Electrical circuit testing apparatus

A connector apparatus which is useful in testing electrical circuits where it is desired to mate test equipment to conventional integrated circuit sockets is disclosed. Spring probes make electrical contact with integrated circuit socket pins. J-shaped members of the apparatus have fingers which engage conventional integrated circuit sockets between the socket and a circuit board to clamp the apparatus to the socket. Fasteners lock the apparatus in this clamped position.

BACKGROUND OF THE INVENTION 
This invention relates generally to connectors. Specifically, the present 
invention relates to connectors which may be useful in the testing of 
electronic circuits. More specifically, the present invention relates to a 
plug type of connector which mates with a conventional integrated circuit 
socket. 
In testing electronic circuits, an integrated circuit (IC), such as a 
microprocessor or read only memory (ROM), may be removed from its IC 
socket.
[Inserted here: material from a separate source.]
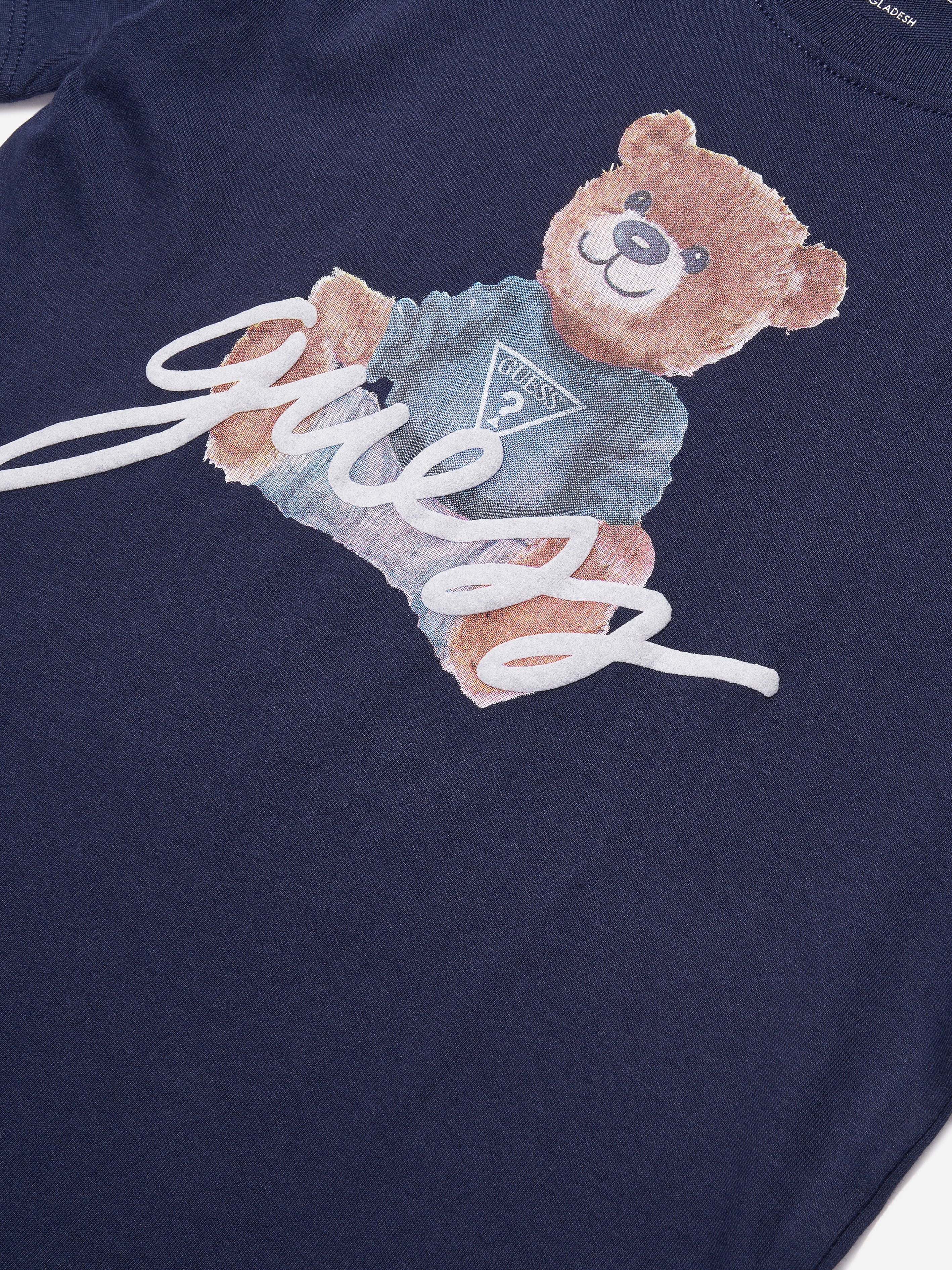 Guess Boys Bear Logo T-Shirt in Navy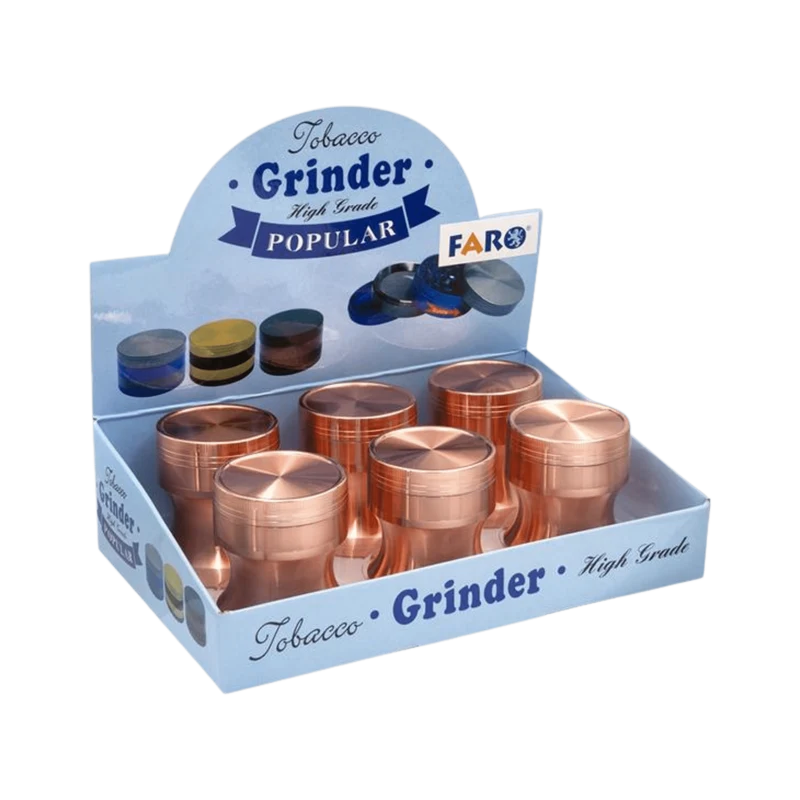 Growpoint Metallgrinder Roségold 52 mm, 4-teilig mit Sieb – Display, 6 Stück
A plug connector, which electrically interfaces to test equipment, 
such as a microprocessor emulator or ROM simulator, then replaces the 
removed IC in the IC socket. In a production testing environment this plug 
connector must be inserted and removed from IC sockets many times every 
hour. Thus, a thin coating of highly conductive metal on the plug 
connector's pins tends to rapidly wear out. Additionally, the plug 
connector pins often risk bending. Accordingly, a need exists in the art 
for a plug connector which does not rapidly wear out or easily suffer from 
bent pins and yet easily connects and disconnects with an IC socket. 
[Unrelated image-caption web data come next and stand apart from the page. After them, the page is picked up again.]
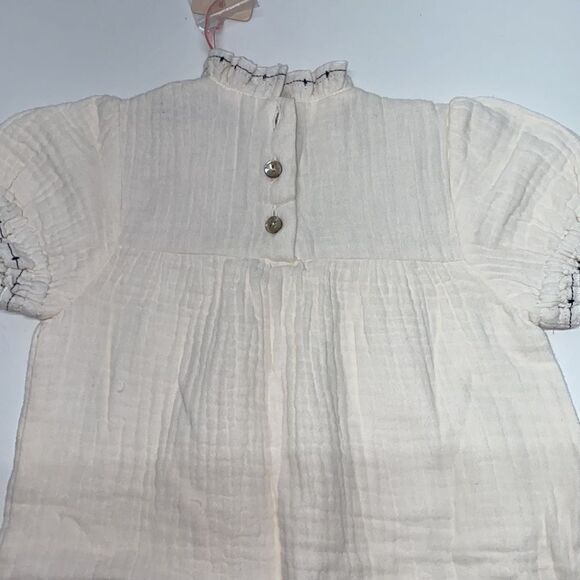Pastel yoke romper with ruffle neck and bow kids girls sz 18 months New - Picture 5 of 8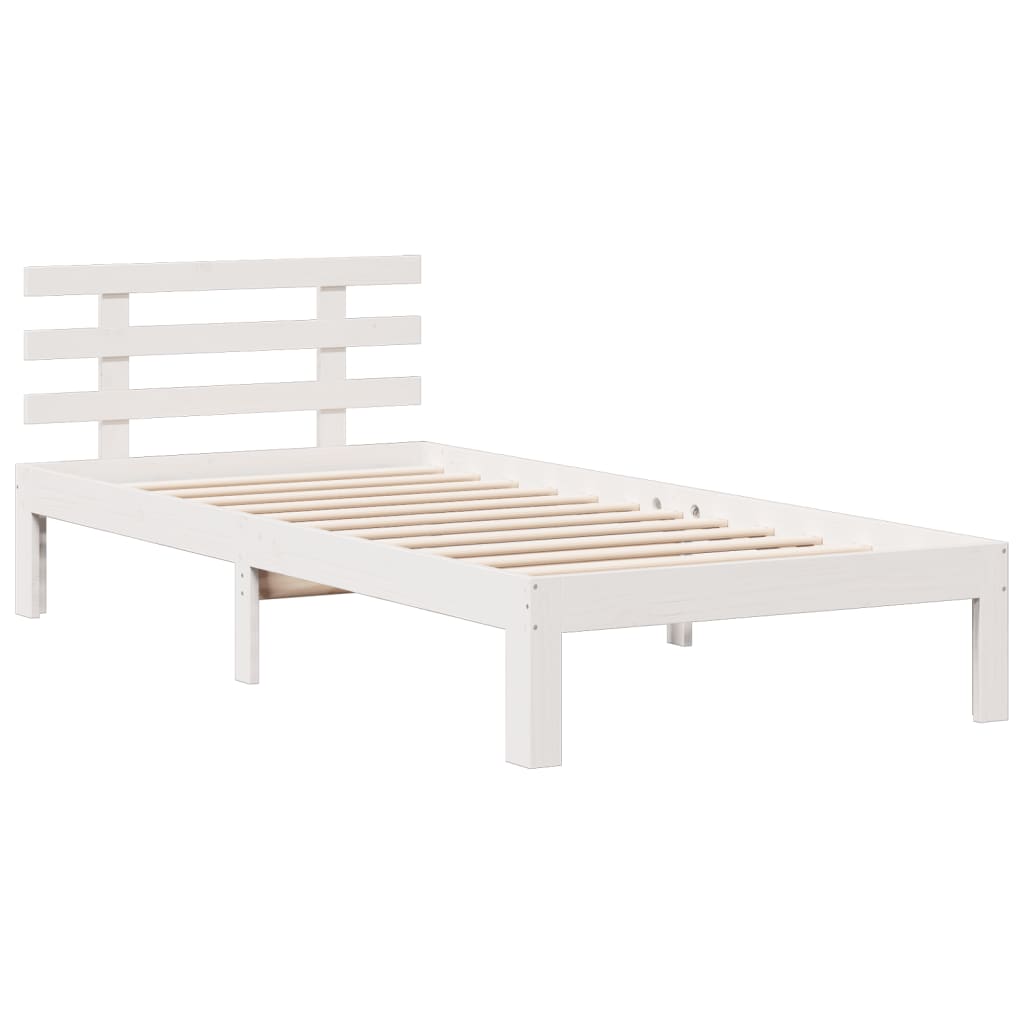 vidaXL Massivholzbett mit Regal ohne Matratze Weiß 90x190 cm Kiefer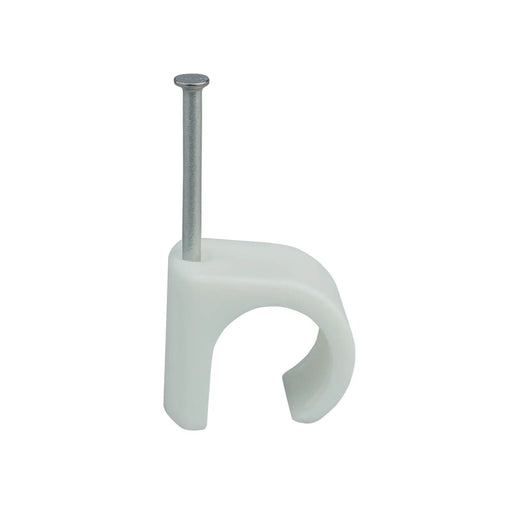 Cable Clips Round 8-12mm Bx 100 Nail 2.0x30mm White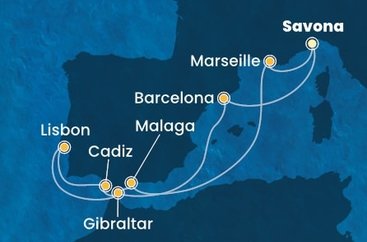 Taliansko, Španielsko, Gibraltár, Portugalsko, Francúzsko ze Savony na lodi Costa Pacifica
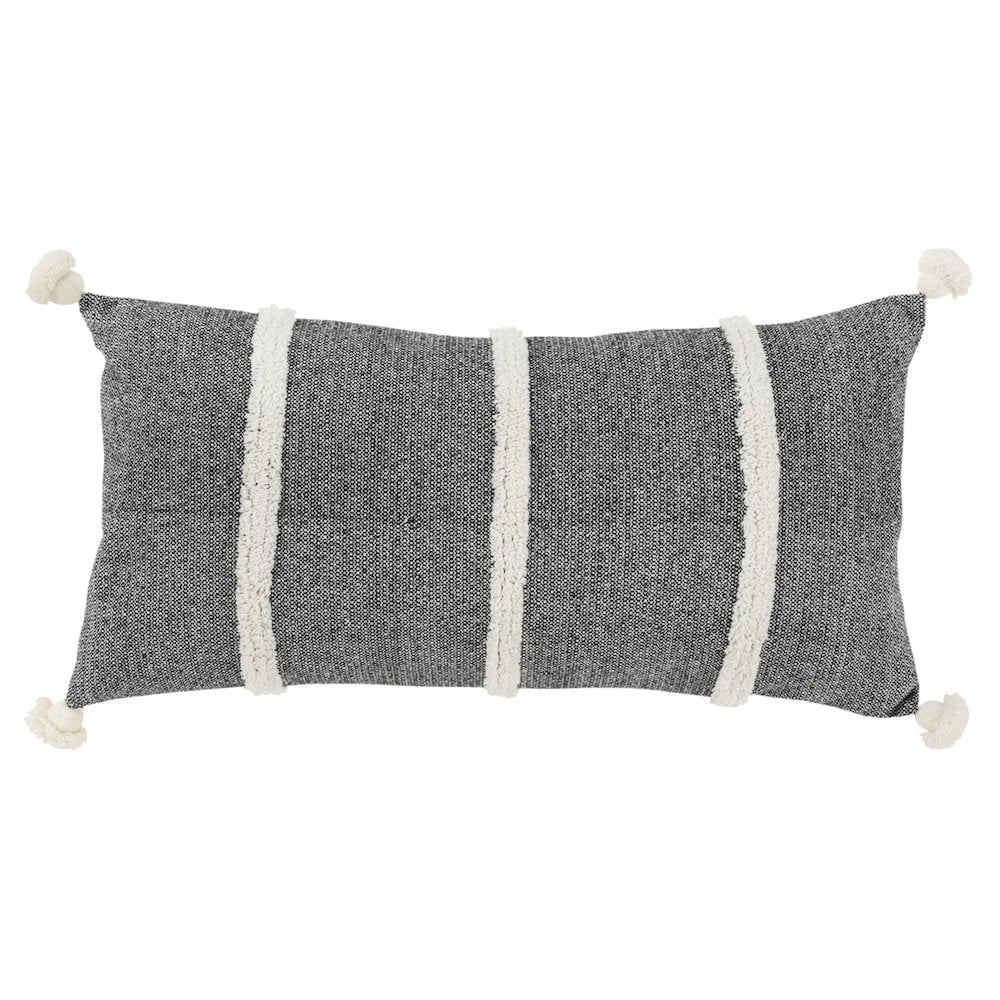 Black and White Cotton Lumbar Throw Pillow with Tassels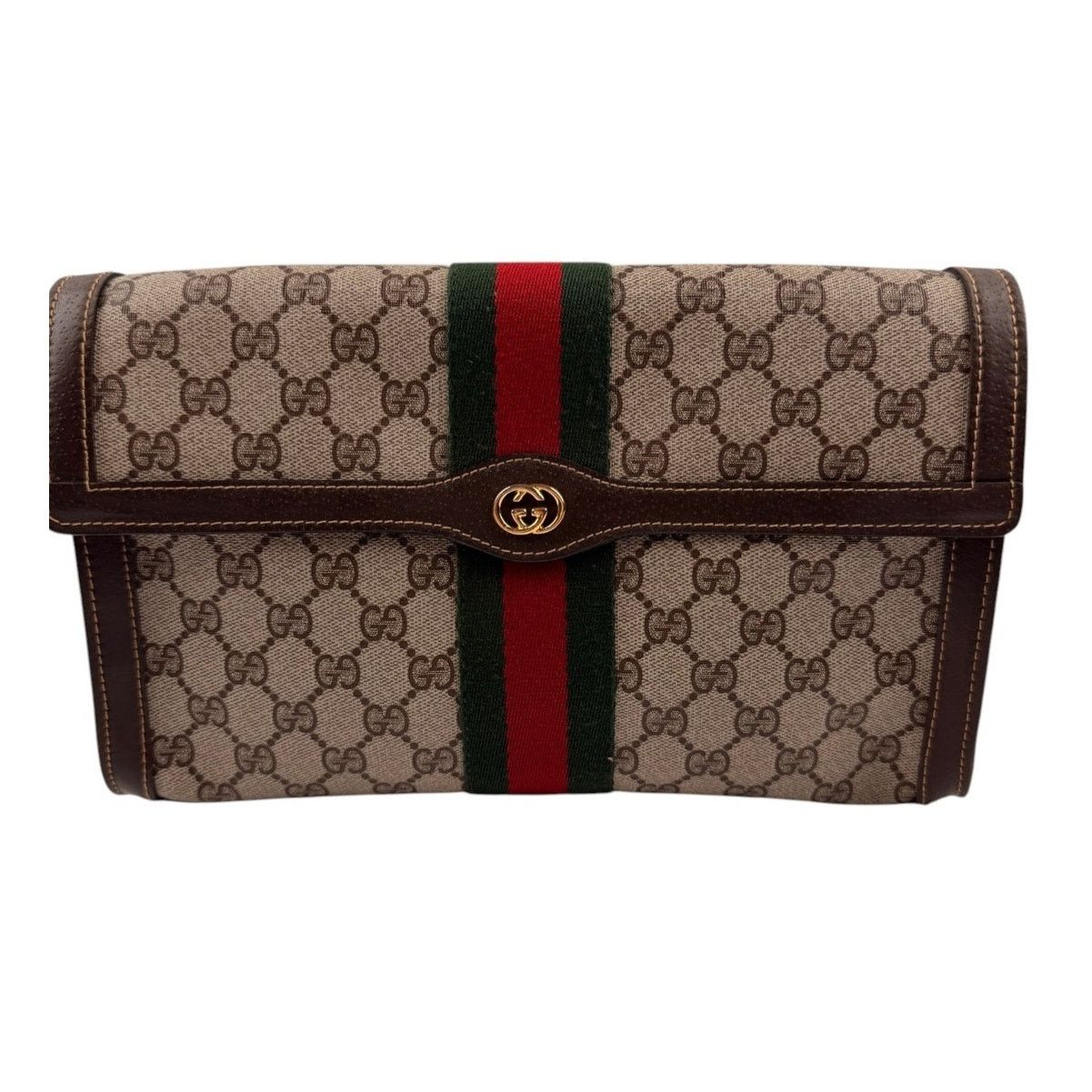 Gucci × Vintage Gucci GG Sherry Line Clutch Bag | Grailed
Extension sockets have been used as one answer to this need. An extension 
socket contains pins which plug into the IC socket and sockets into which 
are plugged pins of the test equipment plug connector. The extension 
socket protects the test equipment plug connector from experiencing the 
high frequency of insertion and removal described above. However, the pins 
of the extension socket now experience this high frequency. Thus, the pins 
of the extension socket may rapidly wear out or easily bend. Therefore, 
extension sockets are often replaced. This involves a considerable expense 
of money and time and requires an on-hand supply of such extension 
sockets. Additionally, no quick connection and disconnection scheme is 
provided and an excessive amount of time may be consumed in inserting and 
removing the extension sockets from IC sockets. 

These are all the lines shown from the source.